Until a construction zone narrows the highway to one lane and you find yourself stuck behind a semi.

VvvvvvvvvVMMvvvvvvVMMM VMMM VVMMMMM! One of the motorcyclists pulls up besides you. He aims.

What’s good for the goose is good for the gander. You shove into him, and he hits a pylon. His motorcycle goes down, with his leg under it. It looks like he’s down for the count.

The other motorcyclist is more cautious. He stays behind you and to the side. You see his arm raise a pistol.

BLAM! Kkk-krsssh! There goes the rear window.

You have to do something. You look around the car, but there’s nothing, no weapons, just one of those windshield scrapers.

Hell, it’s worth a shot. You pick up the windshield scraper, roll down your window and chuck it at the motorcycle. In a million-to-one shot, it bounces off the pavement and lodges in the rear wheel’s spokes. The motorcycle jolts up and to the left, and the driver is launched forward.

BLAM! BLAM! BLAM! He shoots at you, but his aim is wild.

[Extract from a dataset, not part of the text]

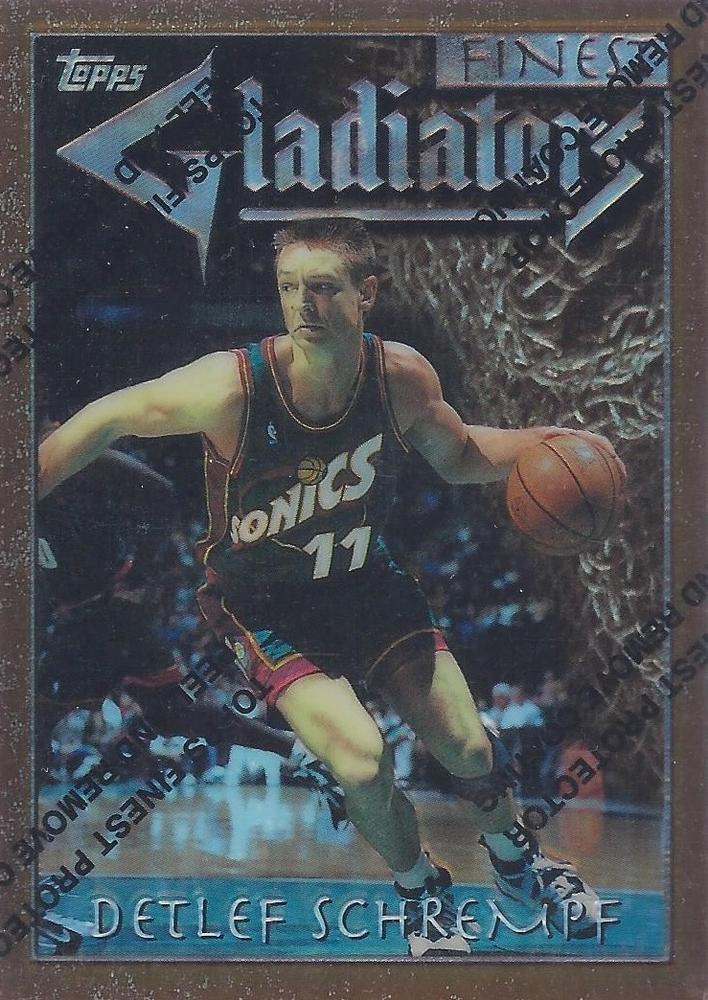 Detlef Schrempf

You watch as the motorcycle tumbles down the bank. You did it! You’ve gotten away from them!

SCRAAAA-BAAMMM! You were so busy glancing over your shoulder you didn’t even see that one of the tires on the semi truck had just blown out, probably shot by a stray bullet, and that the trailer was jackknifing. You plow right into it.

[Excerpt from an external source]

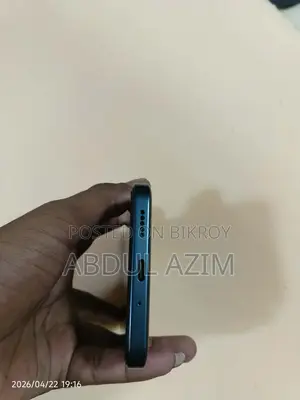 Vivo Y21 d (Used)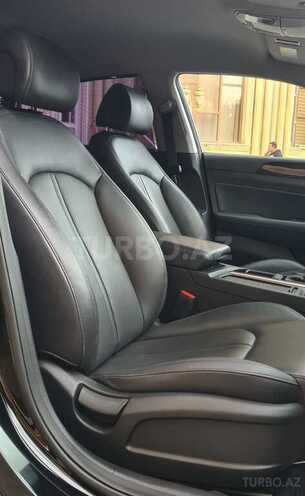 Hyundai Sonata 2015, 162,000 km - 2.0 l - Bakı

You’re blinking in and out of consciousness. You can hear a wooo-wooo-wooo of sirens in the distance. There’s a thunk that kind of sounds like the door of the semi truck closing as the driver hops out. You struggle to keep your head upright as the semi truck driver approaches your car. He plants his hands on the window frame. Big, beefy hands, with FHT in Gothic script on his right ring, middle and index finger knuckles, and AGN on his left index, middle and ring.